> _Required work_
When the line containing "Bajki i zagadki dziecięca biblioteczka" is found in the data below, copy it and each line after it through the line containing "عطر ادکلن جیبی", exactly and with no others.

════════════════

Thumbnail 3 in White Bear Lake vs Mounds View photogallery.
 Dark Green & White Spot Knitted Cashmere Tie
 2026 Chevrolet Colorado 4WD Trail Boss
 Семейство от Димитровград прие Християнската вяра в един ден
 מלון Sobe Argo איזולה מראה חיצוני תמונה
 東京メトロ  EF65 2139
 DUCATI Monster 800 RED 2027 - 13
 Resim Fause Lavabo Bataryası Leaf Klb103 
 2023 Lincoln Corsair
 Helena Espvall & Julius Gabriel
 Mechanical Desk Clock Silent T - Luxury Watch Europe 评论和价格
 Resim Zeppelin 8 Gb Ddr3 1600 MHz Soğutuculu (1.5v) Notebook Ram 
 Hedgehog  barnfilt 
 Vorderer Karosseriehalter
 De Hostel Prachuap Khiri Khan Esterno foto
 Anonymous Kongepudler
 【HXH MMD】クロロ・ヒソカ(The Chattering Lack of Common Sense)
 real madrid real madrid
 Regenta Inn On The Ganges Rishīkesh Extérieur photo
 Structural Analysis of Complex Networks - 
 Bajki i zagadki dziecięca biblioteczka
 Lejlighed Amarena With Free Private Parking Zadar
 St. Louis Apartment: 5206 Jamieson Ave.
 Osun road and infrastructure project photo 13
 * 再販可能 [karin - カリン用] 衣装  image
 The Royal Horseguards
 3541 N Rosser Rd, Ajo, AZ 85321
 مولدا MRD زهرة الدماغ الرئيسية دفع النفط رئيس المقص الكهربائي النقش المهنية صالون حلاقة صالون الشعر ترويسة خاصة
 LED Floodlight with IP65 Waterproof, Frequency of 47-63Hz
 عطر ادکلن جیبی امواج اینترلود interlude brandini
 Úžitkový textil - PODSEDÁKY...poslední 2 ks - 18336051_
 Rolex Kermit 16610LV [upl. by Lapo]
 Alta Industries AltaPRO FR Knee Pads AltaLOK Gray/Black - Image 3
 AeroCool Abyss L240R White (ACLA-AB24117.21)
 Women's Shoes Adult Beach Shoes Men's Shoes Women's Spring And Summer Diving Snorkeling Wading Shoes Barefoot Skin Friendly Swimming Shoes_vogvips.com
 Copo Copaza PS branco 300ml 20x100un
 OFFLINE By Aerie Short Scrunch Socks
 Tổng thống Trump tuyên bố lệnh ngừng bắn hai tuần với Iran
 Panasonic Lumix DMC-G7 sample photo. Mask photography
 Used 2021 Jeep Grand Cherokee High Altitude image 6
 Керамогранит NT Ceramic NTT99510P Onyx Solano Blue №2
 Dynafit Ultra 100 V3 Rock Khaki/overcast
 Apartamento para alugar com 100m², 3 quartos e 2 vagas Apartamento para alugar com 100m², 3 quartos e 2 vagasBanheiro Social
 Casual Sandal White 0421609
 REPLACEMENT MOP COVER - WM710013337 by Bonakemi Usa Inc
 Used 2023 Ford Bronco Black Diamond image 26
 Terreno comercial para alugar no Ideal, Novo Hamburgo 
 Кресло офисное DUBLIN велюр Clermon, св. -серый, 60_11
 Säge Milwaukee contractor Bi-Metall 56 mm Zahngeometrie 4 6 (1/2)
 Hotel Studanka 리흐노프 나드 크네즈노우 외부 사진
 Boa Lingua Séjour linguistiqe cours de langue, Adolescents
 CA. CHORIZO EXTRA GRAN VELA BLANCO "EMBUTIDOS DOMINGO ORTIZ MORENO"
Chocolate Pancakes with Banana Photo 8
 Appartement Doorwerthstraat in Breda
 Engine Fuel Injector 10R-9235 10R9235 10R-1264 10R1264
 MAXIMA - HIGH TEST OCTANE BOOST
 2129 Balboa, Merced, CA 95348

════════════════

> _Answer section_
 Bajki i zagadki dziecięca biblioteczka
 Lejlighed Amarena With Free Private Parking Zadar
 St. Louis Apartment: 5206 Jamieson Ave.
 Osun road and infrastructure project photo 13
 * 再販可能 [karin - カリン用] 衣装  image
 The Royal Horseguards
 3541 N Rosser Rd, Ajo, AZ 85321
 مولدا MRD زهرة الدماغ الرئيسية دفع النفط رئيس المقص الكهربائي النقش المهنية صالون حلاقة صالون الشعر ترويسة خاصة
 LED Floodlight with IP65 Waterproof, Frequency of 47-63Hz
 عطر ادکلن جیبی امواج اینترلود interlude brandini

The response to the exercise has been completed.